Open warfare between Marco Rubio and Ted Cruz broke out during Tuesday’s debate. The topics were (1) intelligence gathering to protect the national security and (2) immigration.

As I wrote immediately after the debate, it’s the immigration clash that will count most. Both issues matter greatly to Republican voters, but disagreements about immigration matter more than disputes about particular data collection methods.

This is why Rubio was desperate to claim that his immigration dispute with Cruz is minimal. He attempted to do so by pointing to an amendment Cruz proposed that would have enabled illegal immigrants to obtain legal status. Cruz countered that his amendment was, in effect, a poison pill designed to kill Rubio’s Gang of Eight proposal and demonstrate its hypocrisy.

When this dispute began simmering, I bought Cruz’s “poison pill” defense. Since then, statements Cruz made in 2013, when the immigration bill was still alive, have come to light that strongly suggest the Texas Senator truly wanted illegal immigrants to have a path to legalization (other than leaving the U.S. and starting over).
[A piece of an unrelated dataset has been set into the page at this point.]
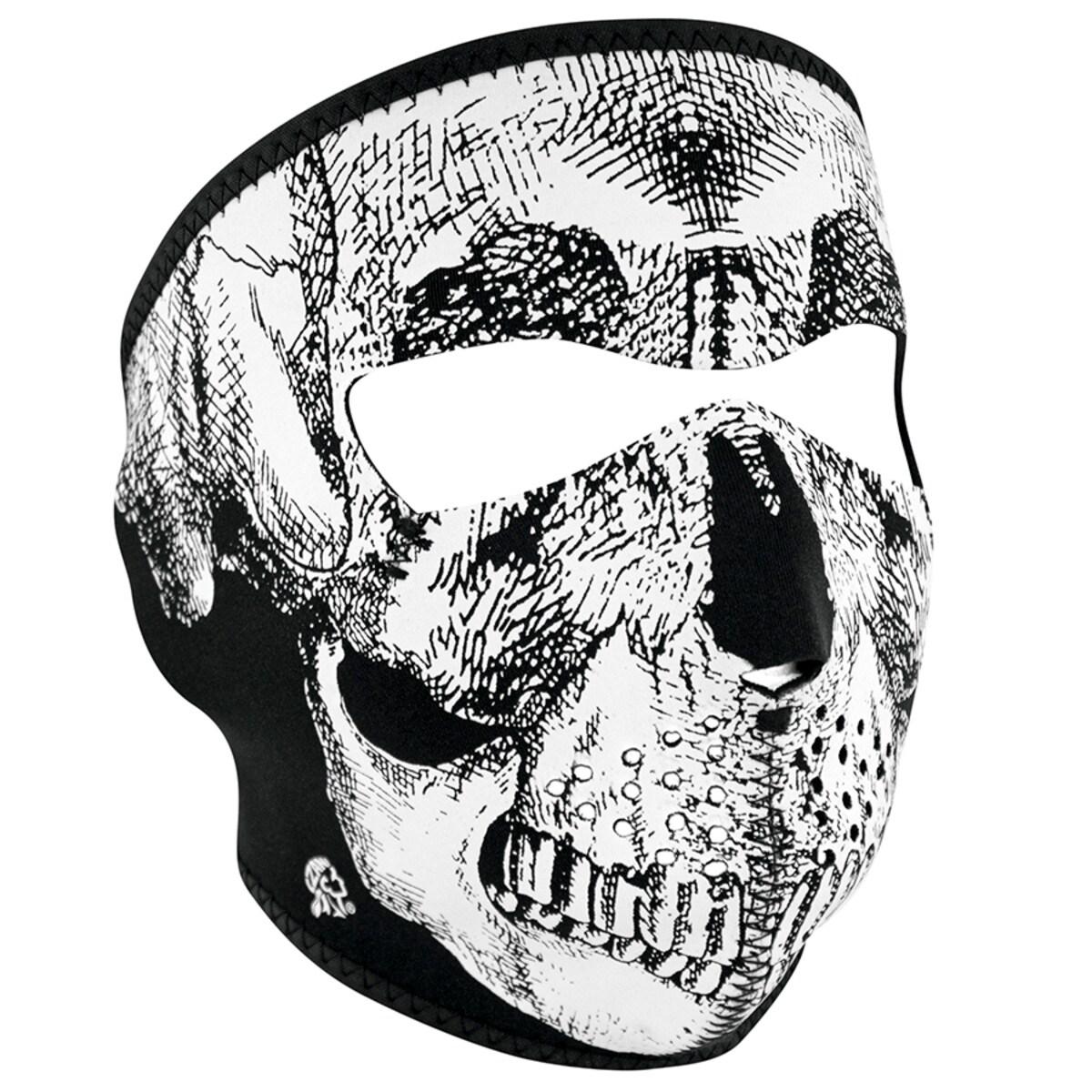 ZAN Full Mask Neoprene Black & White Skull Face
Indeed, during an interview with Bret Baier, the normally silver-tongued Cruz became nearly tongue-tied trying to explain away one such statement.
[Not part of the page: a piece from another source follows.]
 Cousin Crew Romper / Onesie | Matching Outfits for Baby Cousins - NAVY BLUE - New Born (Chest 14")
However, Rubio is still the loser of this debate. Unlike the Florida man, Cruz never co-sponsored immigration reform with Chuck Schumer, but instead opposed that legislation. And Cruz, though he seems to have favored amnesty (in the sense of a path to legalization), never favored a path to citizenship, as Rubio did. To me, and probably a great many other Republicans, granting citizenship to those who violated our immigration laws is significantly more egregious than permitting them to remain here with legal status.

But this doesn’t mean Cruz is the winner. Why? Because Donald Trump has insisted that illegal immigrants can never become legal unless they leave the country. This is a harder line position than what Cruz favored in 2013.

For the first time, Cruz seems vulnerable to his right on the key issue of immigration. And he’s vulnerable to the frontrunner in the race.

Cruz, though, has probably understood for some time that his prospects depend on Trump faltering at some stage. For now, his campaign will probably be satisfied if he has struck a major blow against Rubio, the candidate most likely to stand his way if the Trump bubble bursts.